Question

If$\sqrt{1-x^6}+\sqrt{1-y^6}=a^3(x^3-y^3)$, then$\frac{dy}{dx}=$

• A. $\begin{array}{rcl}& & \frac{x^2\sqrt{1-x^6}}{y^2\sqrt{1-y^6}}\end{array}$
• B. $\begin{array}{rcl}\frac{dy}{dx}& =& \frac{y^2\sqrt{1-y^6}}{x^2\sqrt{1-x^6}}\end{array}$
• C. $\begin{array}{rcl}\frac{dy}{dx}& =& \frac{x^2\sqrt{1-y^6}}{y^2\sqrt{1-x^6}}\end{array}$
• D. None of these

Answer 1

The correct option is C

$\begin{array}{rcl}\frac{dy}{dx}& =& \frac{x^2\sqrt{1-y^6}}{y^2\sqrt{1-x^6}}\end{array}$

Explanation for the correct option:

Step 1: Change the given terms into other parameters.

If$\sqrt{1-x^6}+\sqrt{1-y^6}=a^3(x^3-y^3)$,

Put$\begin{array}{rcl}{x}^3& =& \sin \left(\theta \right)\&y^3=\sin \left(\phi \right)\end{array}$

$\begin{array}{rcl}\therefore \sqrt{1-{\sin }^2\left(\theta \right)}+\sqrt{1-{\sin }^2\left(\phi \right)}& =& a^3(\sin \left(\theta \right)-\sin \left(\phi \right))\end{array}$

$\Rightarrow$ $\begin{array}{rcl}\cos \left(\theta \right)+\cos \left(\varphi \right)& =& a^3\left[2\cos \left(\frac{\theta +\phi }{2}\right)\sin \left(\frac{\theta -\phi }{2}\right)\right]\end{array}$

$\Rightarrow$ $\begin{array}{rcl}2\cos \left(\frac{\theta +\phi }{2}\right)\cos \left(\frac{\theta -\phi }{2}\right)& =& a^3\left[2\cos \left(\frac{\theta +\phi }{2}\right)\sin \left(\frac{\theta -\phi }{2}\right)\right]\end{array}$

$\Rightarrow$ $\begin{array}{rcl}\cot \left(\frac{\theta -\phi }{2}\right)& =& a^3\end{array}$

$\Rightarrow$ $\begin{array}{rcl}\frac{\theta -\phi }{2}& =& {\cot }^{-1}\left(a^3\right)\end{array}$

$\Rightarrow$ $\begin{array}{rcl}{\sin }^{-1}\left(x^3\right)-{\sin }^{-1}\left(y^3\right)& =& 2{\cot }^{-1}\left(a^3\right).......\left(1\right)\end{array}$

Step 2: Differentiating both sides of the equation$\left(1\right)$ with respect to$\text{'}x\text{'}$.

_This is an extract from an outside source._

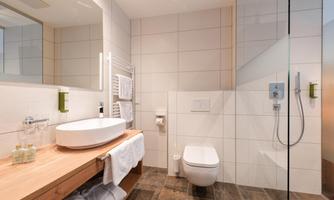 A modern bathroom with a light tiled floor and a glass shower cubicle. On the wooden shelf are care products and fresh towels.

$\begin{array}{rcl}\frac{d}{dx}({\sin }^{-1}\left(x^3\right)-{\sin }^{-1}\left(y^3\right))& =& \frac{d}{dx}\left(2{\cot }^{-1}\left(a^3\right)\right)\end{array}$

$\Rightarrow$$\begin{array}{rcl}\frac{1}{\sqrt{1-x^6}}.3x^2-\frac{1}{\sqrt{1-y^6}}.3y^2.\frac{dy}{dx}& =& 0\end{array}$

$\Rightarrow$ $\begin{array}{rcl}\frac{x^2\sqrt{1-y^6}}{y^2\sqrt{1-x^6}}& =& \frac{dy}{dx}\end{array}$

$\begin{array}{rcl}\mathbf{\therefore }\frac{\mathbf{d}\mathbf{y}}{\mathbf{d}\mathbf{x}}& \mathbf{=}& \frac{{\mathbf{x}}^{\mathbf{2}}\sqrt{\mathbf{1}\mathbf{-}{\mathbf{y}}^{\mathbf{6}}}}{{\mathbf{y}}^{\mathbf{2}}\sqrt{\mathbf{1}\mathbf{-}{\mathbf{x}}^{\mathbf{6}}}}\end{array}$

Hence, the correct option is$\mathbf{\left(}\mathit{C}\mathbf{\right)}\mathbf{.}$.